BEGIN

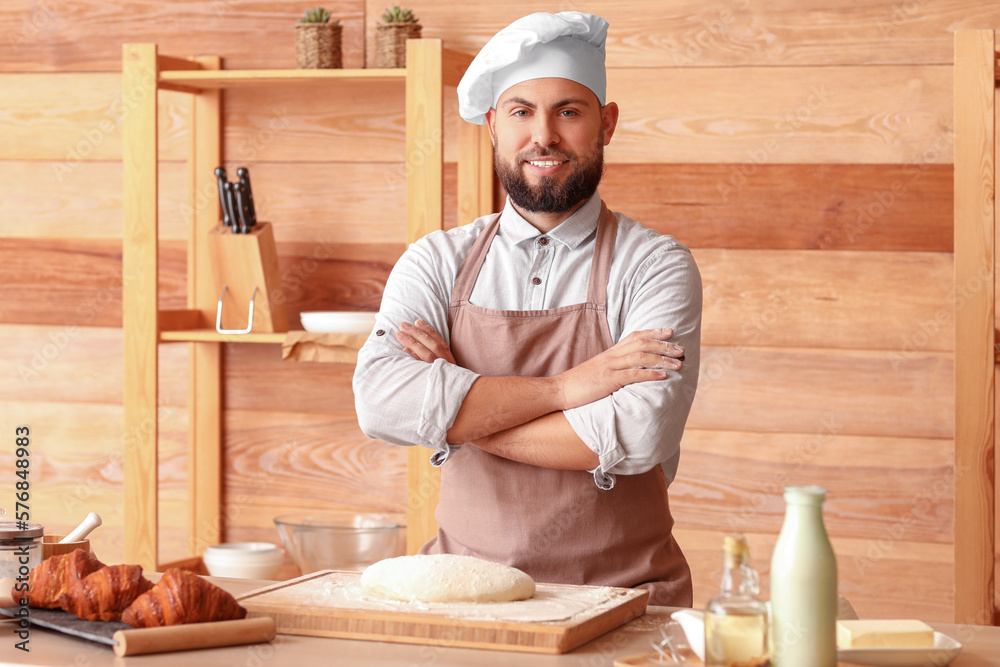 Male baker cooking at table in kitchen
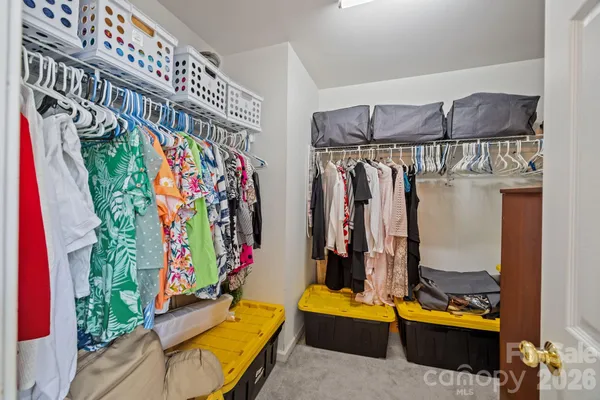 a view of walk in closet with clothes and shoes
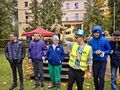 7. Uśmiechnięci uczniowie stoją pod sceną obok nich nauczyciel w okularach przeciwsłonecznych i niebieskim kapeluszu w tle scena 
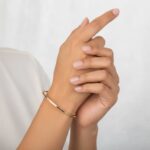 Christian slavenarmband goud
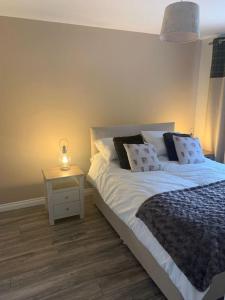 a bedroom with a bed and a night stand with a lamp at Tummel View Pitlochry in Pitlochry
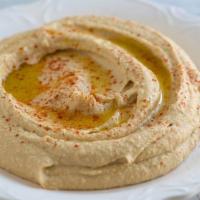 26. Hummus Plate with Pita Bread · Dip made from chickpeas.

END
BEGIN

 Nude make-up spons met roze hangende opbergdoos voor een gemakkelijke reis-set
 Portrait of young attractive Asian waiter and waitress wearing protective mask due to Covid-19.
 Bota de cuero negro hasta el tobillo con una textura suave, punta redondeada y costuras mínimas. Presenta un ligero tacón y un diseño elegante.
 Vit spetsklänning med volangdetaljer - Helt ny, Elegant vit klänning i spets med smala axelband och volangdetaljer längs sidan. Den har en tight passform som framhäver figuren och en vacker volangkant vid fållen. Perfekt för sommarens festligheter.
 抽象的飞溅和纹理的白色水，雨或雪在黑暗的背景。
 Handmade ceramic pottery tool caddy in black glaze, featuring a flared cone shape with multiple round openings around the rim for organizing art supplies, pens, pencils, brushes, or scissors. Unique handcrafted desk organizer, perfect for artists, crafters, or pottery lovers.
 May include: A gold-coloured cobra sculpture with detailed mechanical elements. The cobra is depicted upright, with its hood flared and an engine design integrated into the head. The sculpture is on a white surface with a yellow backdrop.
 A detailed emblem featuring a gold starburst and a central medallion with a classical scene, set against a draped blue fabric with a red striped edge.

END
BEGIN

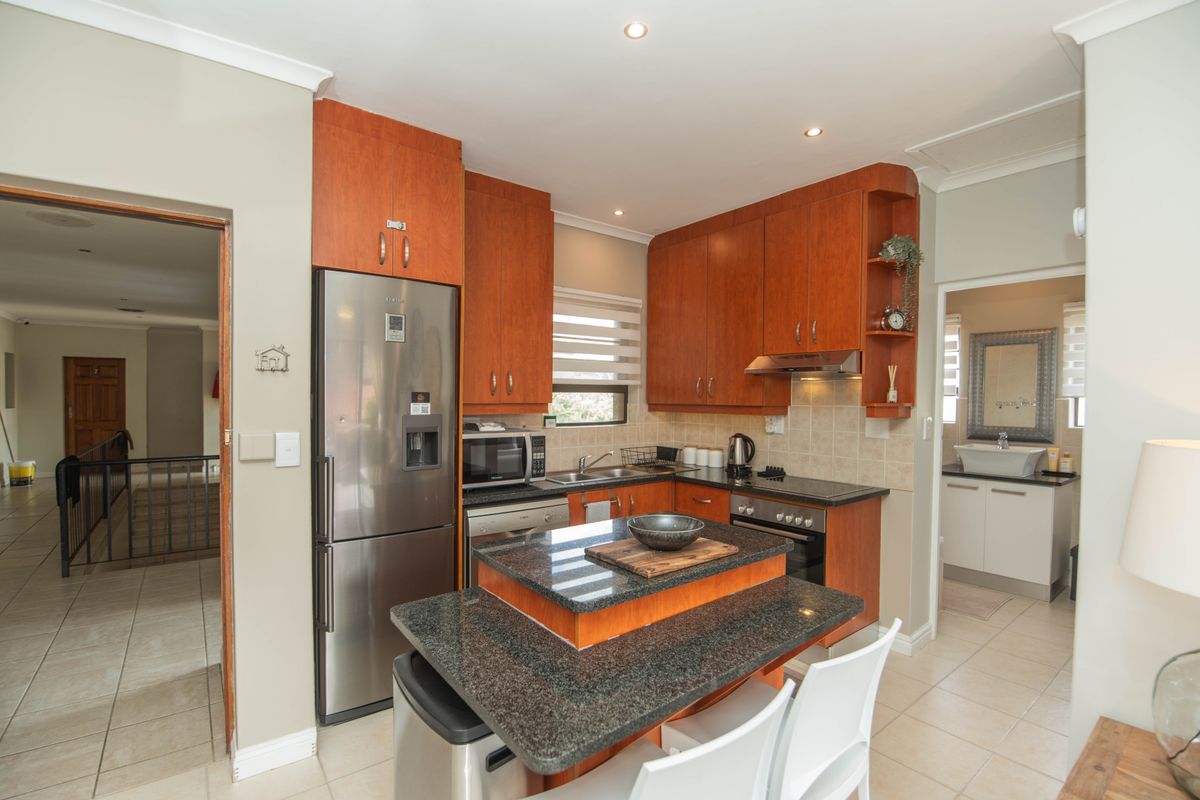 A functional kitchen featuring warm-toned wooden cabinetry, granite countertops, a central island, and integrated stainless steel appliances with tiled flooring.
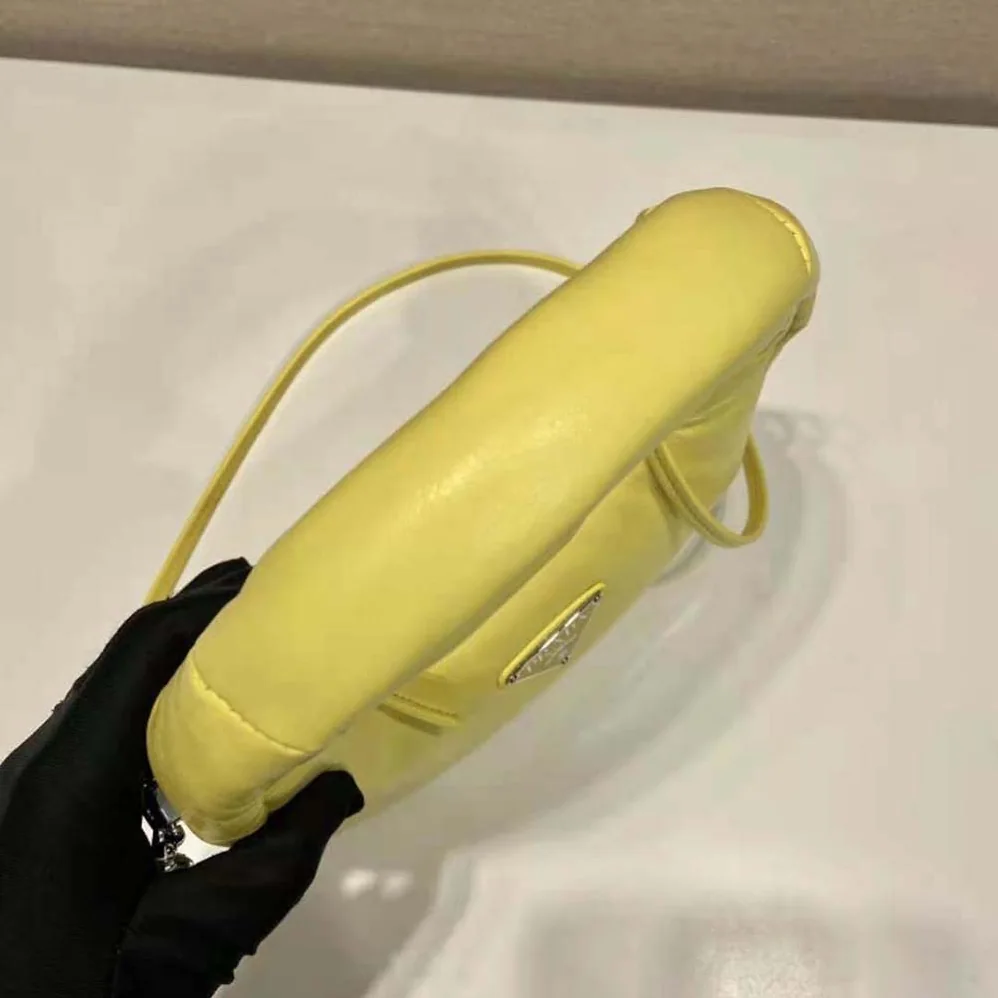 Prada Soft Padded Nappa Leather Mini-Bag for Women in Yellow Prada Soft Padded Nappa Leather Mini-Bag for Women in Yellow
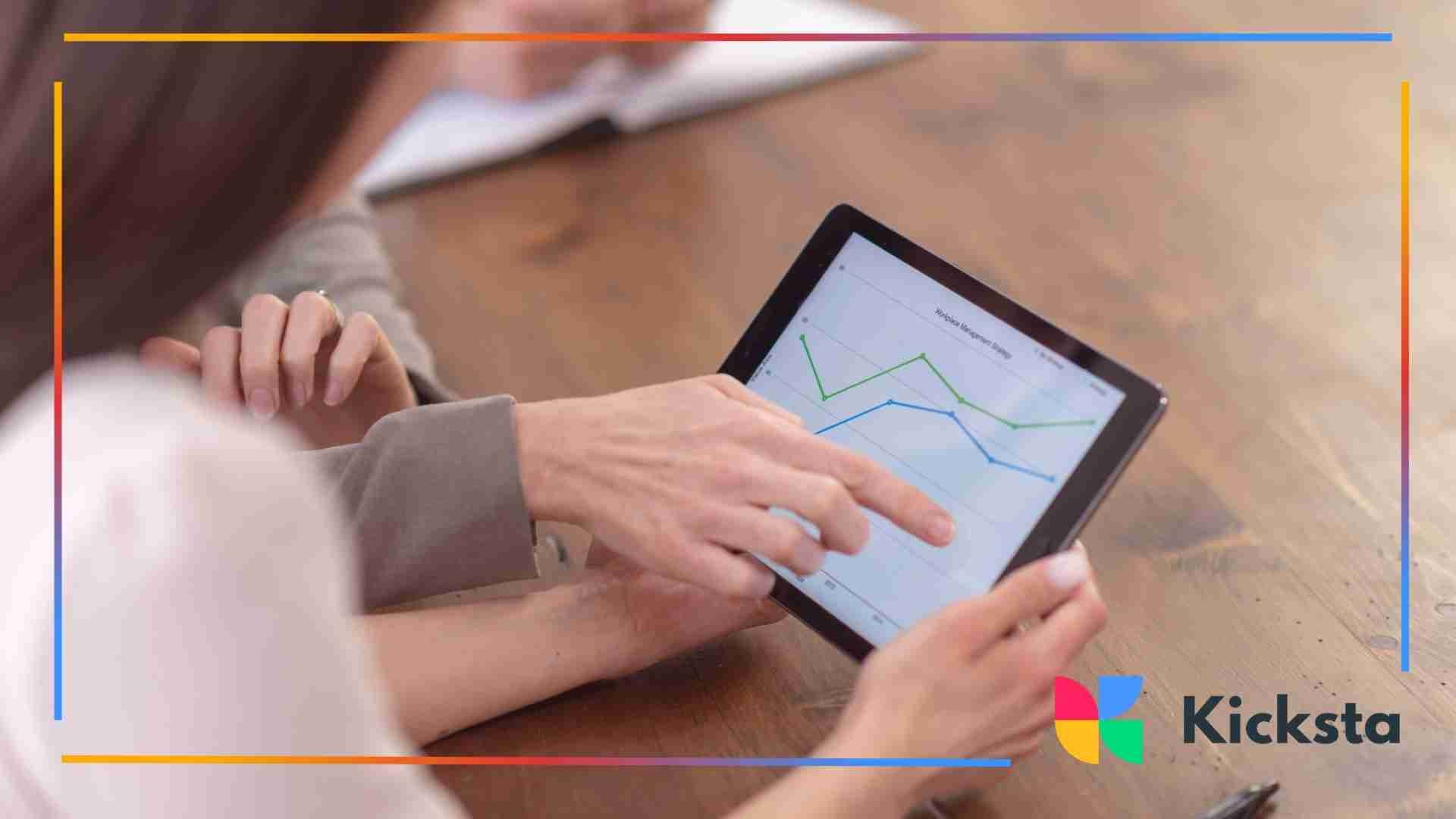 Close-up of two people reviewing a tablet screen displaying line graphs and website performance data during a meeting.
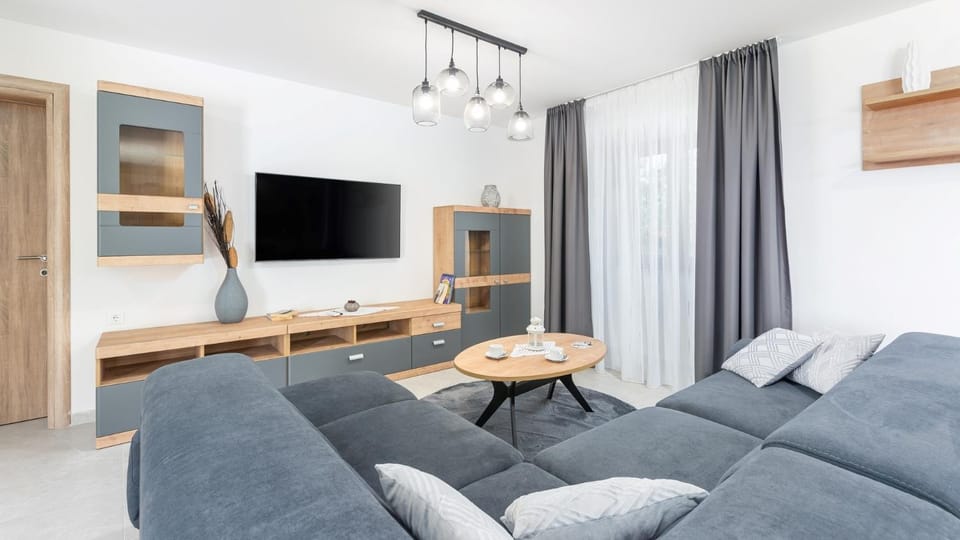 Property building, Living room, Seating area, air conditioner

END

## TASK DESCRIPTION
Using the listing above, show every line that includes the string "detailed".

## RESULT OF THIS EXERCISE
 May include: A gold-coloured cobra sculpture with detailed mechanical elements. The cobra is depicted upright, with its hood flared and an engine design integrated into the head. The sculpture is on a white surface with a yellow backdrop.
 A detailed emblem featuring a gold starburst and a central medallion with a classical scene, set against a draped blue fabric with a red striped edge.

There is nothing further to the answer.